Weighted voting games are important in multiagent systems because of their usage in automated decision making. However, they are not immune from the vulnerability of false‐name manipulation by strategic agents that may be present in the games. False‐name manipulation involves an agent splitting its weight among several false identities in anticipation of power increase. Previous works have considered false‐name manipulation using the well‐known Shapley–Shubik and Banzhaf power indices. Bounds on the extent of power that a manipulator may gain exist when it splits into k = 2 false identities for both the Shapley–Shubik and Banzhaf indices. The bounds when an agent splits into k > 2 false identities, until now, have remained open for the two indices. This article answers this open problem by providing four nontrivial bounds when an agent splits into k > 2 false identities for the two indices. Furthermore, we propose a new bound on the extent of power that a manipulator may gain when it splits into several false identities in a class of games referred to as excess unanimity weighted voting games. Finally, we complement our theoretical results with empirical evaluation. Results from our experiments confirm the existence of beneficial splits into several false identities for the two indices, and also establish that splitting into more than two false identities is qualitatively different than the previously known splitting into exactly two false identities.

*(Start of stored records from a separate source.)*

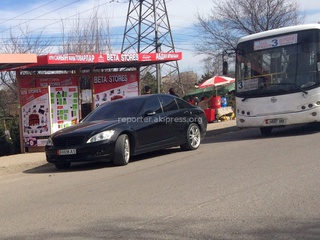 Читатель пишет: «Ахунбаева-Алма-Атинская парковка на остановке и тонировка авто.»
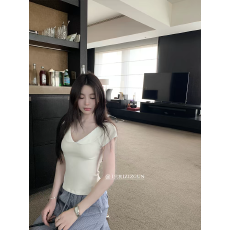 批发韩系<b class='q'>娃娃领</b>短袖T恤女夏季新款小众白色修身显瘦高级感少女风<b class='q'>上衣</b>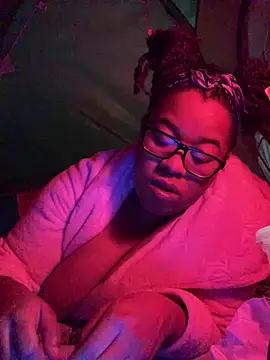 bustypothead online show from March 14, 9:46 am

Manipulation of Weighted Voting Games and the Effect of Quota

The Shapley-Shubik, Banzhaf, and Deegan-Packel indices are three prominent power indices for measuring voters’ power in weighted voting games. We consider two methods of manipulating weighted voting games, called annexation and merging. These manipulations allow either an agent, called an annexer to take over the voting weights of some other agents, or the coming together of some agents to form a bloc of manipulators to have more power over the outcomes of the games. We evaluate the extent of susceptibility to these forms of manipulation and the effect of the quota of a game on these manipulation for the three indices. Experiments on weighted voting games suggest that the three indices are highly susceptible to annexation while they are less susceptible to merging. In both annexation and merging, the Shapley-Shubik index is the most susceptible to manipulation among the indices. Further experiments on the effect of quotas of weighted voting games suggest the existence of an inverse relationship between the susceptibility of the indices to manipulation and the quotas for both annexation and merging. Thus, weighted voting games with large quota values closer to the total weight of agents in the games may be less vulnerable to annexation and merging than those with corresponding smaller quota values.